WASHINGTON – (October 19, 2016) The United States Cattlemen’s Association (USCA) issued the following statement on the announcement made by the CME Group this week that a proposal is being considered to switch to a cash settlement process for its live futures. The CME Group also announced that modifications to the physical delivery process would be considered.
USCA Marketing Committee Chair Allan Sents commented, “The need to evaluate the current state of the livestock marketplace is real; however, the changes proposed by the CME Group, as announced this week, will not address the concerns of producers across the country. Rather, the proposal to switch to a cash settlement is a step in the wrong direction. Price Discovery achieved from actively traded futures contracts with multiple buyers and sellers far outweighs an increasingly thinner traded cash market.”

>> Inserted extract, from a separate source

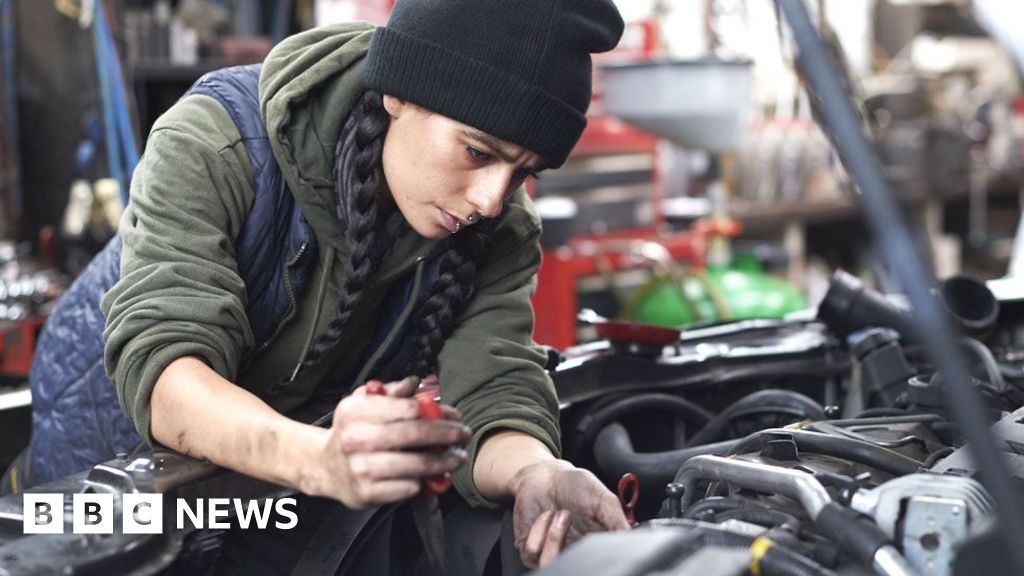 ad70cdd0 6267 11f0 83d2 4f671b8c1523 UK jobs market continues to weaken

“The proposed changes will do nothing to impact the amount of high frequency, overly speculative trading, which is one of the real issues that must be addressed if we are to achieve market stability. Efforts must instead be made toward encouraging “long” participation and addressing the many issues currently within the futures market, not the settlement process.”
Sents concluded, “The CME Group, industry stakeholders, and producers across the country must acknowledge the significant issues within today’s livestock market. Until a hard review and assessment of these issues is taken, our country’s producers will continue to feel the consequences on their bottom line.”